Developing a computer use model
securityagentsmodels
read at source ↗ www.anthropic.com
Developing a computer use model
Source: Anthropic Date: 2024-10-22 URL: https://www.anthropic.com/news/developing-computer-use
Summary
Anthropic detailed the technical development of Claude’s computer use capability: trained on simple software (calculators, text editors — no internet access for safety), using screenshots to reason about cursor positions via pixel-counting. Model generalized rapidly beyond the narrow training distribution. Current OSWorld score: 14.9% (vs. 7.7% next-best model, 70-75% human). Limitations: slow, error-prone, no drag/zoom. Safety classification: ASL-2, no increased frontier risks identified. Primary concern: prompt injection attacks.
Implications
- Safety/research / capability development transparency. Publishing the training methodology for computer use is unusual — it details the specific safety decisions (no internet access during training) and the generalization behavior (surprised by rapid generalization). The transparency is partly risk communication: Anthropic is setting expectations that this is early-stage capability.
- Pixel-counting as fundamental.
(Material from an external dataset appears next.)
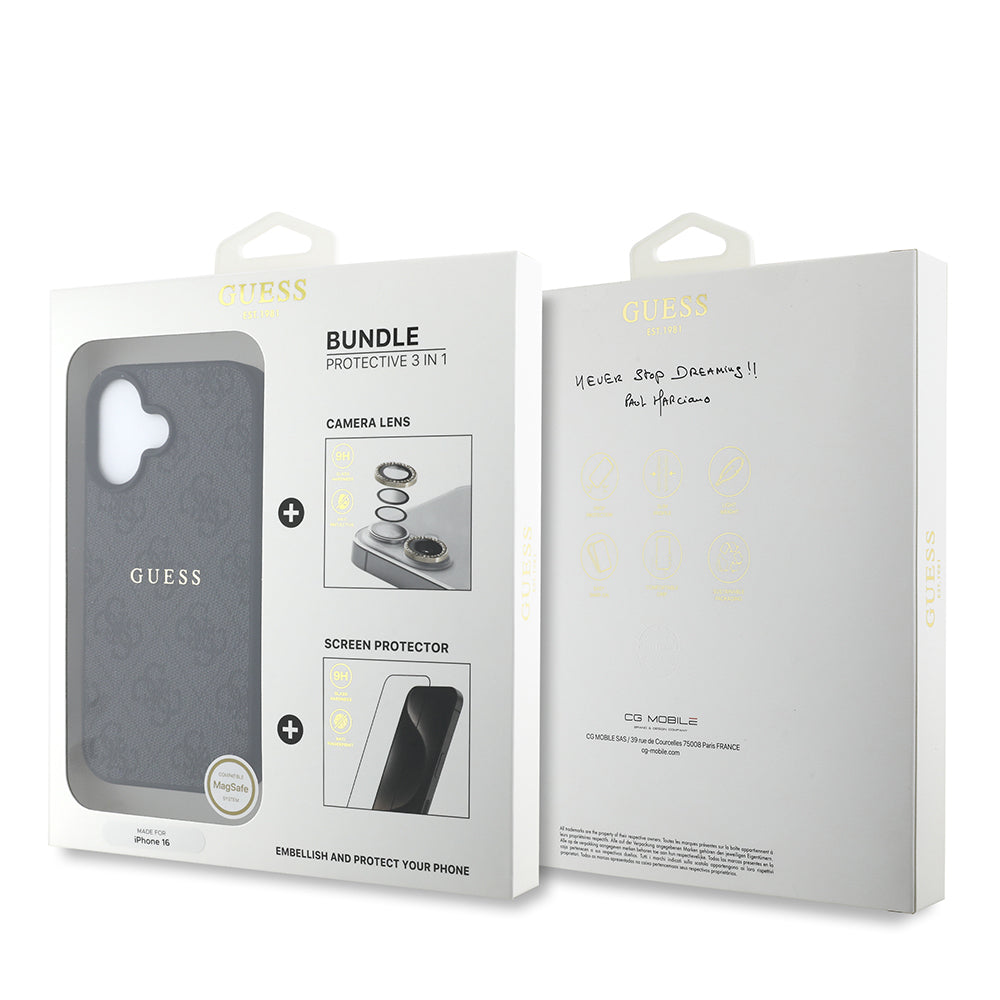 Apple iPhone 16 Plus Guess Orjinal Lisanslı Kılıf + Ekran Koruyucu + Lens Koruyucu 3in1 Aksesuar Seti Pembe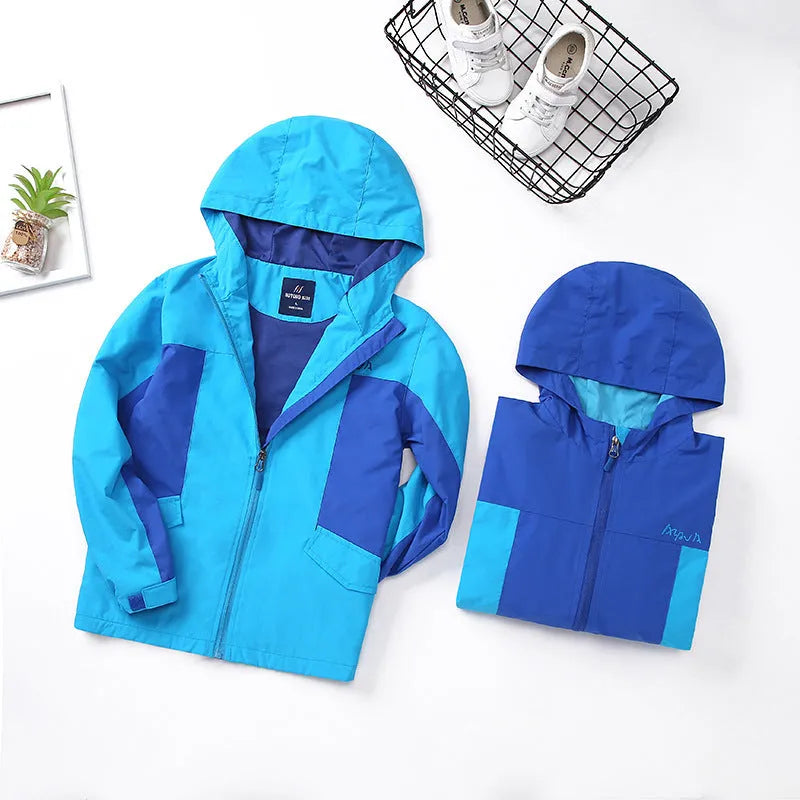 Blue thin children's jacket with full zip and long sleeves for ages 8+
The detail that cursor positioning required learning pixel-counting is a concrete example of how seemingly-simple GUI interactions require non-obvious capabilities. It contextualizes why 14.9% on OSWorld is actually impressive given the training data constraints.
- Prompt injection as the primary risk. Naming prompt injection (not jailbreak, not misuse) as the primary computer use safety concern is technically precise — an agent that can execute computer actions is uniquely vulnerable to adversarial content on the screen instructing it to take unintended actions.
- Watch: how the training approach evolved in subsequent versions; whether the prompt injection risk materialized in practice; the trajectory from 14.9% toward human-level OSWorld performance.